Sapientia Prima | Disce fundamenta intelligentiae artificialis.

Disce fundamenta intelligentiae artificialis.

Bias-Variance Trade-off

So, what is Bias Variance Trade-off?

In this post, we will dive deep into the concepts of bias and variance, exploring their significance in machine learning and their trade-off.

Conceptual Introduction

At its core, bias refers to the error introduced when a model makes overly simplistic assumptions about a complex real-world problem. These assumptions simplify the problem to make it solvable, but they can lead to inaccuracies. A model with high bias often fails to capture the underlying patterns in the data, resulting in underfitting. This means the model performs poorly on both the training data and unseen test data.

For example, consider a classification task to identify dog breeds based on certain features like height, weight, and color. If the model assumes all dogs belong to the same breed (say, breed A), it simplifies the problem too much, ignoring the distinctive features that separate breeds.

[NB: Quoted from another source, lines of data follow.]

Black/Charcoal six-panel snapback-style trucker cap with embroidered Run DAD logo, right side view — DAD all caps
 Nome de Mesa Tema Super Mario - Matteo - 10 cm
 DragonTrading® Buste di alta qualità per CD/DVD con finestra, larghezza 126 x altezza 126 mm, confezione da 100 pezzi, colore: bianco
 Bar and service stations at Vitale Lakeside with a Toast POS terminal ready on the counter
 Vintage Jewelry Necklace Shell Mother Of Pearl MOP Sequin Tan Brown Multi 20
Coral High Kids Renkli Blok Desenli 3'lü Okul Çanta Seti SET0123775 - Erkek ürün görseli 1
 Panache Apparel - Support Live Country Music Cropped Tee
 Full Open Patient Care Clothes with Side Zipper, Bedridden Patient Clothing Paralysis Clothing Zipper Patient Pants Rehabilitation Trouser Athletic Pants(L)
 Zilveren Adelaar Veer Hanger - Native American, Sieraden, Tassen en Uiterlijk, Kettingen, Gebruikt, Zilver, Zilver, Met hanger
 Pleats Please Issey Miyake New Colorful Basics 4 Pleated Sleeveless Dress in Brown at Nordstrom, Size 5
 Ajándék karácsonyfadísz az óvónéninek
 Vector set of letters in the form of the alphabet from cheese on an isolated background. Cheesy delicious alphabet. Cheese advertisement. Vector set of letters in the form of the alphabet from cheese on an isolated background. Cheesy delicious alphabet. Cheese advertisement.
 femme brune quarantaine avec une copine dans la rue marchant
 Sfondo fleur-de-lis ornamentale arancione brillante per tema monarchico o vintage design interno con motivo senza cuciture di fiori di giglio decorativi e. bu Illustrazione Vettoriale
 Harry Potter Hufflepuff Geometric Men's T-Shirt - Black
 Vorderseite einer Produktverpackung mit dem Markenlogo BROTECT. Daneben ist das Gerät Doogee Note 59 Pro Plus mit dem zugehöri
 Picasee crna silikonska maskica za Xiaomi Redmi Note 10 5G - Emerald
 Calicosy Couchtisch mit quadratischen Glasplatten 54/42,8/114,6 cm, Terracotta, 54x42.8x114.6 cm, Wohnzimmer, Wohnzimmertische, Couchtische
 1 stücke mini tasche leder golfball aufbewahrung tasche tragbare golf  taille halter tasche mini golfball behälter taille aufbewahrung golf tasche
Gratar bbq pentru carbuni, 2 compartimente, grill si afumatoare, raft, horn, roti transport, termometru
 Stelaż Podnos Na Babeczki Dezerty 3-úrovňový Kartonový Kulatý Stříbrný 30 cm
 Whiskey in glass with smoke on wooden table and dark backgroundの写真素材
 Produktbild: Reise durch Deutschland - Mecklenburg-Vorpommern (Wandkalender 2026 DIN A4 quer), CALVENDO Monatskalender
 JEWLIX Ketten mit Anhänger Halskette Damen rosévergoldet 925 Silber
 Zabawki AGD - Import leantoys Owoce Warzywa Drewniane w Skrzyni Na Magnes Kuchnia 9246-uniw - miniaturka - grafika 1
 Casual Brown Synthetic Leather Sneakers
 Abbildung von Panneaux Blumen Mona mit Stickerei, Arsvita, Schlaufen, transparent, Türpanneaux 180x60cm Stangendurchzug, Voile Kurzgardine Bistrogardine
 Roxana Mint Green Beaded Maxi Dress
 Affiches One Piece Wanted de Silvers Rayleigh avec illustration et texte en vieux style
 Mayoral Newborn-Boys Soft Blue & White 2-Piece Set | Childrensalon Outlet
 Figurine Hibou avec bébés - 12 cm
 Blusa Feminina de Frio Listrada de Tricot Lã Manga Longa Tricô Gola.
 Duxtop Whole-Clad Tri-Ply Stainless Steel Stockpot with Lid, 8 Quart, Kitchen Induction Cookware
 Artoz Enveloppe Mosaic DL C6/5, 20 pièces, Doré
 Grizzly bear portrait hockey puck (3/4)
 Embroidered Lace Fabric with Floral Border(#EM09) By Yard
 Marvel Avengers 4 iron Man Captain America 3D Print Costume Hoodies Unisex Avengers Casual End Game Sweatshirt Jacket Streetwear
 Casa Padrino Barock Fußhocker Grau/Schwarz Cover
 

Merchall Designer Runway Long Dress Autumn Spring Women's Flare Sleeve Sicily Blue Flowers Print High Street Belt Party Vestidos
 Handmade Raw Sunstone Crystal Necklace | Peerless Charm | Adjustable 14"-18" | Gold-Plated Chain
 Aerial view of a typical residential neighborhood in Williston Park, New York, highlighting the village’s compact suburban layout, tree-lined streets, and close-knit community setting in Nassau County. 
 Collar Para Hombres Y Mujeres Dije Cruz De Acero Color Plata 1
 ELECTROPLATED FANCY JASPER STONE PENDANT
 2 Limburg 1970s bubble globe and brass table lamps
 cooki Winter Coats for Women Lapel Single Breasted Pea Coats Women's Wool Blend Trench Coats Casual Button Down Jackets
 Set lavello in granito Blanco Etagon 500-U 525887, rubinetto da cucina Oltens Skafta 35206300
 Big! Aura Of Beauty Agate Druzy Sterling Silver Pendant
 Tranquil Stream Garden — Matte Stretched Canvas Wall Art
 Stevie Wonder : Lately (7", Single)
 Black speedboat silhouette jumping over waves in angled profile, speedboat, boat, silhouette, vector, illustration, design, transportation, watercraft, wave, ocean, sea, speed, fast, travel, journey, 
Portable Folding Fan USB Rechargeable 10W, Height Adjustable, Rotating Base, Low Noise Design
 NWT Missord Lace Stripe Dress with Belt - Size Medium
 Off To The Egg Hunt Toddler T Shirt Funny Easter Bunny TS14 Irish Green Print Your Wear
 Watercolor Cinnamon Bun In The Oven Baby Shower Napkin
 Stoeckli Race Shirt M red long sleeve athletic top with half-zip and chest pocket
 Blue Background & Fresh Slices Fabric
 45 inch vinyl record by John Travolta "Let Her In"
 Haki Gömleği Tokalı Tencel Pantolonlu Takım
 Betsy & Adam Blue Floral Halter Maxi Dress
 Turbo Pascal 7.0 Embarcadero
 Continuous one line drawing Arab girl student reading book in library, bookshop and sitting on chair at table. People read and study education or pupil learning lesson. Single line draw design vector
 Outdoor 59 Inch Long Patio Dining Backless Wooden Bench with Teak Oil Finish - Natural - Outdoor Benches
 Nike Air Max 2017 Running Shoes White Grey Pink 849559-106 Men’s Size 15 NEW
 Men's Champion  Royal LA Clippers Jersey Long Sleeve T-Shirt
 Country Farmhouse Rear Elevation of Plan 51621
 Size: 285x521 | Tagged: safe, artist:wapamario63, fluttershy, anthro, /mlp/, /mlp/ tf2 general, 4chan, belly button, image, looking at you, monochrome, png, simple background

This oversimplification introduces bias.

On the other hand, variance measures the sensitivity of a model to fluctuations in the training data. A model with high variance captures noise or irrelevant patterns from the training data, leading to overfitting. Such a model may perform exceptionally well on the training data but generalize poorly to new, unseen data.

Returning to the dog classification example, a high-variance model might pick up on irrelevant details, like the background of the training images or the lighting conditions, and mistakenly treat these as important features for classifying breeds. This results in a model that is overly complex and fails to generalize.

The Math Behind Bias and Variance Trade-off

Let us formalize these concepts mathematically. You have a hypothesis set $H$, which is basically the set of all functions you can accept as your final model. Note that your basic assumption is that there is a function $f$ (the true function) which represents the relation between features and labels. For a classification problem, it means that $f$ can take features of the training samples and map them to the labels of the corresponding samples. In other words, $f$ is the best function you’re looking for. However, unfortunately, you don’t know $f$. Instead, you have the outputs given by it for some specific inputs, and you call inputs and outputs together “the training set”. Denote this set by $D$.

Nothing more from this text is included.